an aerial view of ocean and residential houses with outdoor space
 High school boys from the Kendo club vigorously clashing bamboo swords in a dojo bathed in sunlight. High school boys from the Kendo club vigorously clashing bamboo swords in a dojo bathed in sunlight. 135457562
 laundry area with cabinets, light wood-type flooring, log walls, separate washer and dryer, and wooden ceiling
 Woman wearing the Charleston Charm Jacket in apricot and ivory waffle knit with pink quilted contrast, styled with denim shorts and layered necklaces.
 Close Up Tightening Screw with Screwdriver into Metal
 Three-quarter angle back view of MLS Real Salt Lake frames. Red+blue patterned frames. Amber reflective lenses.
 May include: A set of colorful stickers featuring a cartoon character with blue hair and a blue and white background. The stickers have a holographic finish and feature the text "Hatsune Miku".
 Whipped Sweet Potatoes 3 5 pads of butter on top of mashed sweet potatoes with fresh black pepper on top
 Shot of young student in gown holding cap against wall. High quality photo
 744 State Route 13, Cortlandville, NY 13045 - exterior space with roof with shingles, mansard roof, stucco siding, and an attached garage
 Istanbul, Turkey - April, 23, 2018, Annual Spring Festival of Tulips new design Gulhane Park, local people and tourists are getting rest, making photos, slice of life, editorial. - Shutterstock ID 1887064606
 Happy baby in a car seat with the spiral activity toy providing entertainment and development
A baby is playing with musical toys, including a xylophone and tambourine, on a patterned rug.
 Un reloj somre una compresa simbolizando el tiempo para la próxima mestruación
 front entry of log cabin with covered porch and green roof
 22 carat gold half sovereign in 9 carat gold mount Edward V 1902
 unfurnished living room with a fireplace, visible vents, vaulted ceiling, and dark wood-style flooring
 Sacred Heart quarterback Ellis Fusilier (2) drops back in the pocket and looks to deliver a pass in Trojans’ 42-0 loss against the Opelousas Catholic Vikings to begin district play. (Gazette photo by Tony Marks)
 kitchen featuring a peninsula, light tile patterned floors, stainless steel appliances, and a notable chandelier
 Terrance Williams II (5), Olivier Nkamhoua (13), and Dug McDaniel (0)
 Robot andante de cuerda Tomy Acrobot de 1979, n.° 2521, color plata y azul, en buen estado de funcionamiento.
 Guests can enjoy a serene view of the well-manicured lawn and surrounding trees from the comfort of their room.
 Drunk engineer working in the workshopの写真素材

▸ **What you have to do**:
State the number of lines in the material above in which the string "flooring" appears, with no accompanying text.

▸ **Exercise answer**:
2